The two stops (they are different things)
- Stop-A — evaluation sufficiency (per replay / probe): how much trace to replay before a measurement is trustworthy. Criterion: the replayed prefix's offered L-C-A converges to the full set's. Saves per-evaluation GPU time.
- Stop-B — tuning convergence (across iterations): whether any config-improvement opportunity remains; stop if not.
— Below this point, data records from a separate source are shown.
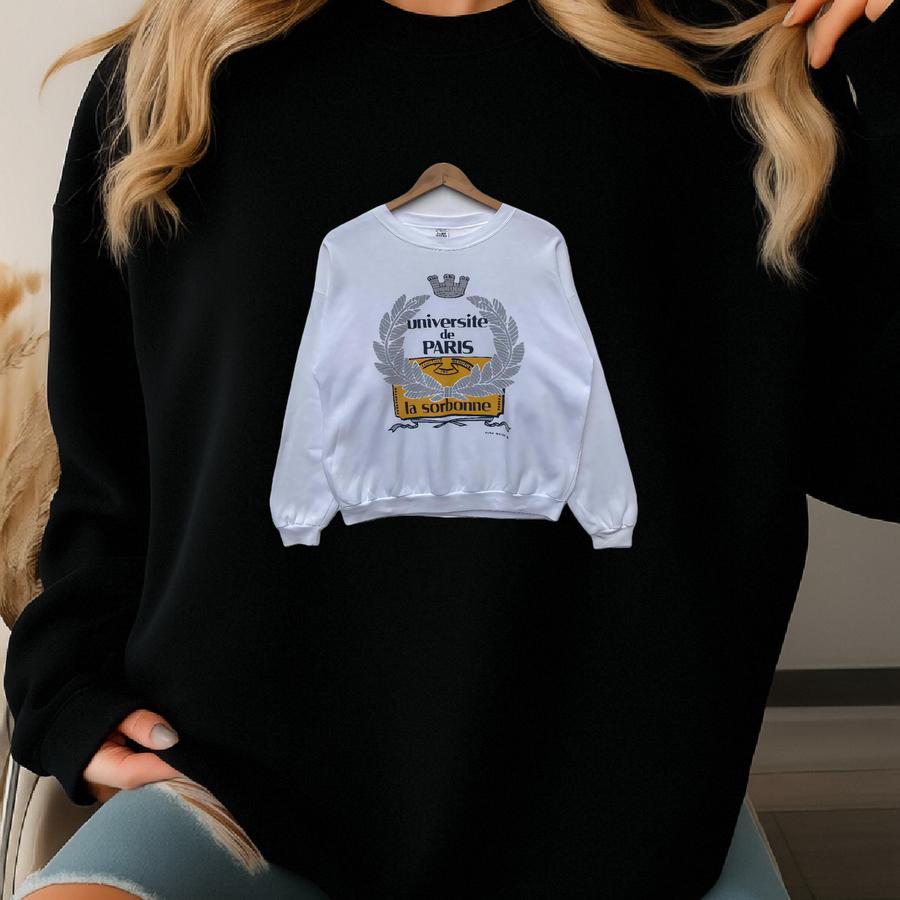 Vintage Universite De Paris Sorbonne Sweatshirt Sweater Pullover Jumper White Colour Large Shirt Vtg 90s University Streetwear Alma Mater Sweatshirt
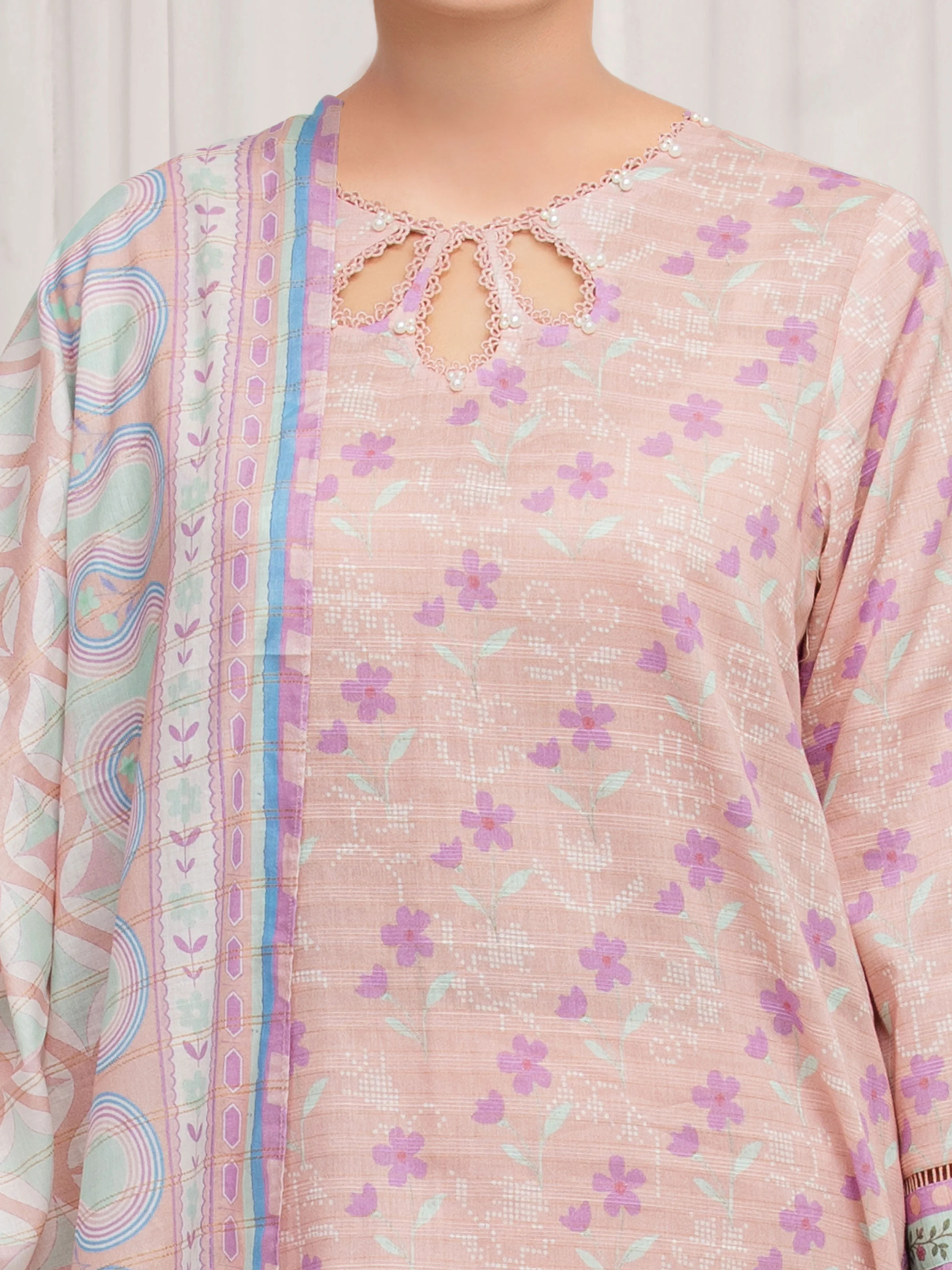 Unstitched Printed Lawn Suit - EWU6M6-094-3P - Image 4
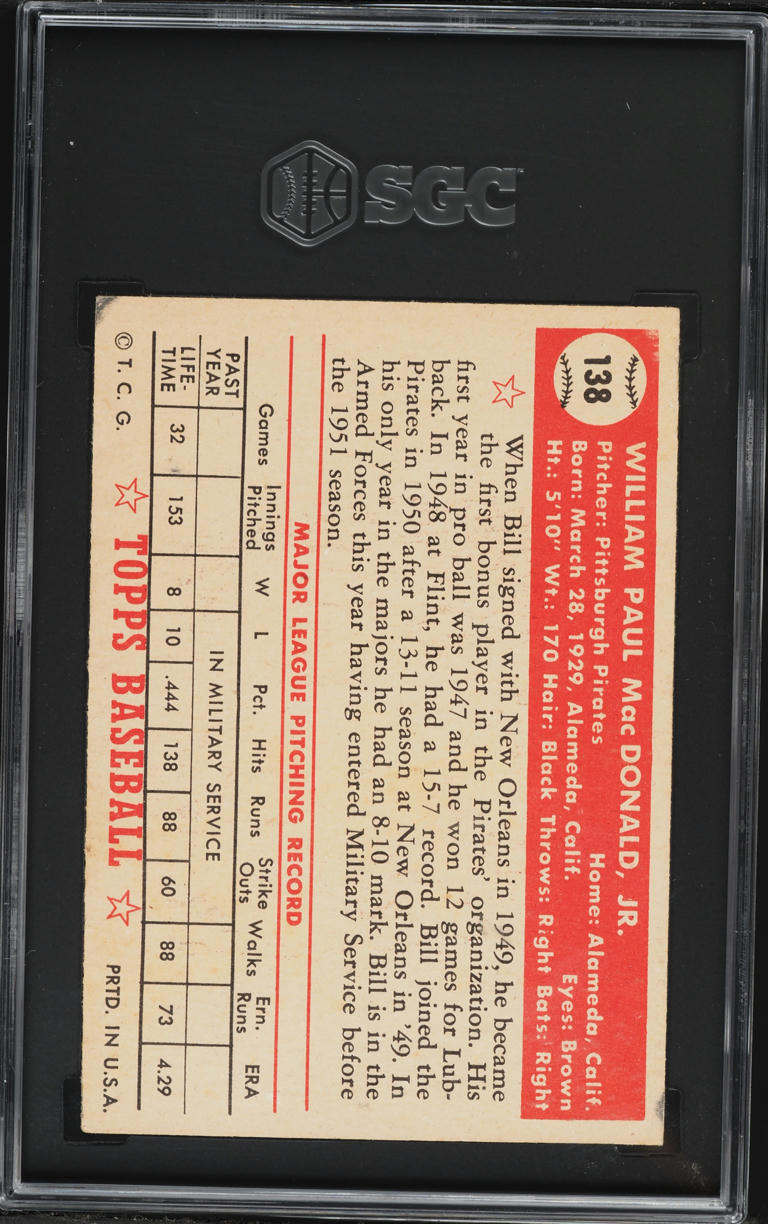 1952 Topps Bill MacDonald #138 SGC 4.5 VGEX+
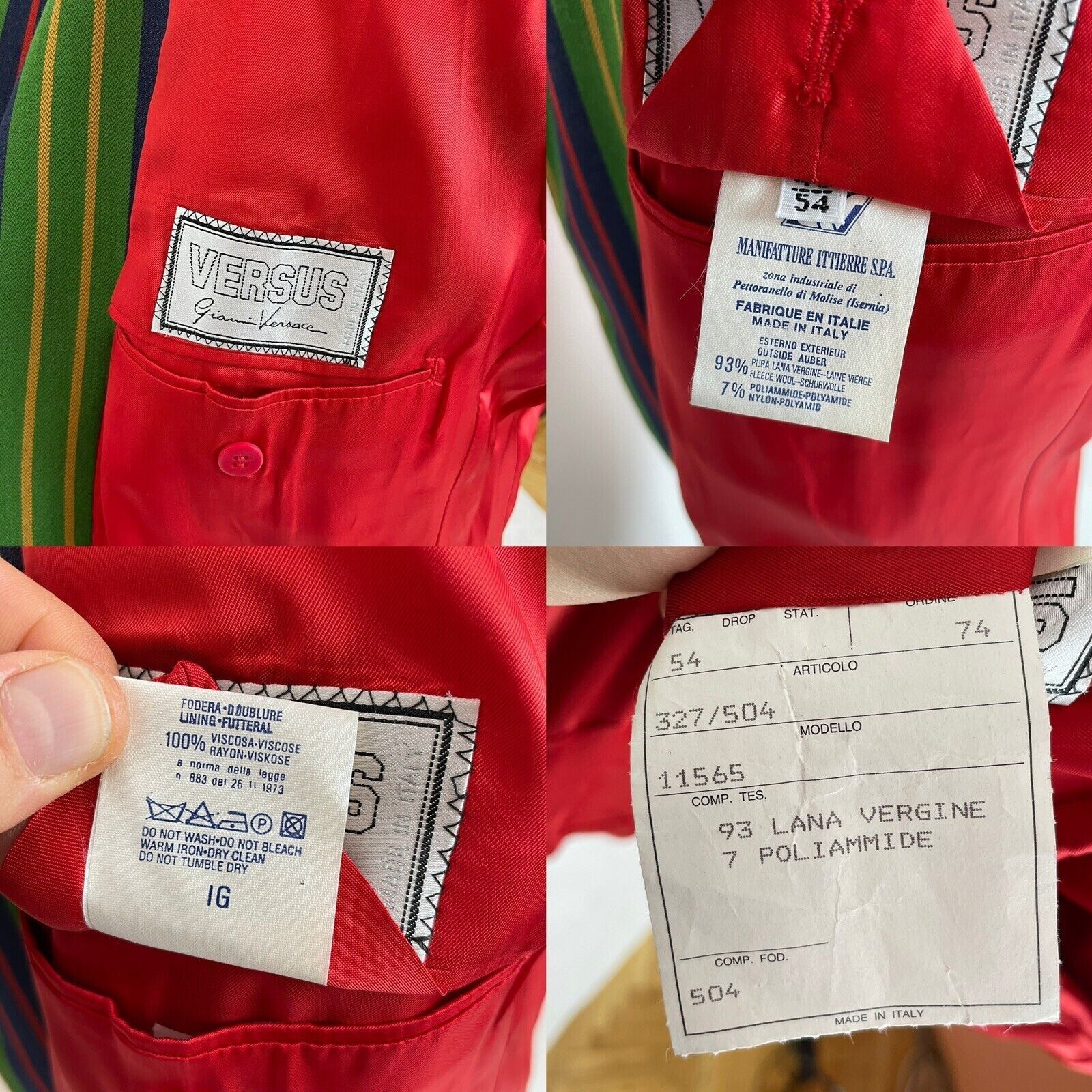 Versus Versace VINTAGE VERSUS GIANNI VERSACE MENS BLAZER STRIPED JACKET Size 44R - 12 Thumbnail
Saves iterations.
What was built
| Area | Summary | Commit |
|---|---|---|
| Unify L-C-A | The prompt's workload_lca_profile is now the canonical 10-dim lca.py vector, not an ad-hoc re-derivation |
6f8e3c9 |
| Session-coherent load axis | sampling_u assigned per session (parent_chat_id chain) so thresholding keeps/drops whole multi-turn sessions, preserving intra-session KV reuse (C) across load levels |
0f15bbc |
| Stop-A | lca.find_convergence_prefix (deterministic offered-L-C-A convergence prefix + C-gate: never declare infeasible on a cold cache); spec.AdaptiveStopSpec (default off); worker._adaptive_replay_set truncates replay + writes a certificate |
51a9e4a |
| Stop-A boundary guard | Re-measure the full window when a truncated probe's pass-rate is within boundary_delta of the SLO target (fixes feasibility-knee false positives) |
dfc823f |
| Stop-B authority | harness._stop_authority (mirrors the deterministic validator); study tune honors an LLM should_stop only if the validator agrees, else a bounded veto |
a8f9034 |
| Length-aware SLO | linear_ms rule: threshold = intercept_ms + per_token_ms·L_in (e.g. 4s + L_in/8k) |
ed2bbe0 |
| Robustness: timeout | HTTP stream now wraps OSError/TimeoutError as HttpClientError — a request exceeding request_timeout_s is a failed request, not a crashed trial |
2fcaf80 |
| Robustness: SIGTERM | run_trial installs a SIGTERM handler so killing study tune tears down the engine (and EngineCore workers) instead of orphaning it / leaking GPU memory |
b17b213 |
| Tooling | stop_a_calibration.py (CPU convergence curve), stop_a_validate.py (offline truncation-fidelity) |
08e53fd, 3af1d84 |
A subagent code review found no blocking bugs (and independently validated session
coherence against a real trace); three minor fixes applied in 43125f4.
Validation results (real GPU runs, dash0 H20)
- Stop-A (
stop-a-validation-20260615.md): CPU calibration reproduces the paper's C-slowest ordering; GPU fidelity check on Qwen3-30B-A3B saves ~52% replay at τ_c=0.90 with 3/4 probe verdicts preserved; the one mismatch is a feasibility-knee false positive that the boundary guard fixes — with the guard, best threshold matches full replay exactly while still saving ~38% replay. - 27B TP sweep (
qwen27b-tp-sweep-20260616.md): under the length-aware SLO, dense Qwen3.5-27B per-GPU rises sharply with TP — TP1 0.065 → TP2 0.29 → TP4 ≥0.91 — the opposite of the MoE 30B-A3B (TP1 best per-GPU). TP1 is TPOT-bound. - Stop-B (
stop-b-e2e-20260615.md,stop-b-e2e-27b-20260616.md): the 30B run shows the deterministicvalidatorstop + a premature-LLM-stop veto; the 27B run (real gpt-5.4 loop) shows a genuine improving climb TP1 0.123 → TP2 0.29 → TP4 1.00 req/s/GPU (8.1×), each a correctly-diagnosed gain, then correctly rejecting a TP4 runtime tweak that measured worse (no regression). The SIGTERM fix was validated in practice (clean teardown, no leak).
Open items (next round)
- Harness convergence ablation (NOT yet done on this branch). The paper's harness
result — domain-knowledge knob-family rules steering the LLM and cutting iterations —
has only qualitative evidence here (the 27B climb shows correct steering) plus older
smoke-regime ablations (
qwen27b-chat-0-8k-harness-fig18.md: iters-to-best 4→2). A controlleduse_harness=truevsfalse(naive tuner) comparison on the 27B is the missing quantified result. - Loop efficiency: at scale=1.0 infeasible high-θ probes burn the
early_stop_max_elapsed_s=900cap (a TP4 trial took ~3h). Lower it to ~300s for practical agentic loops. - dash0 GPUs 0/1 still hold leaked memory (pre-fix orphans) — needs a root
nvidia-smi --gpu-reset. - Deferred: more robust C feature for the low-reuse regime; Stop-C cross-day retune trigger (paper Q1); §7 baselines (SCOOT / naive / community).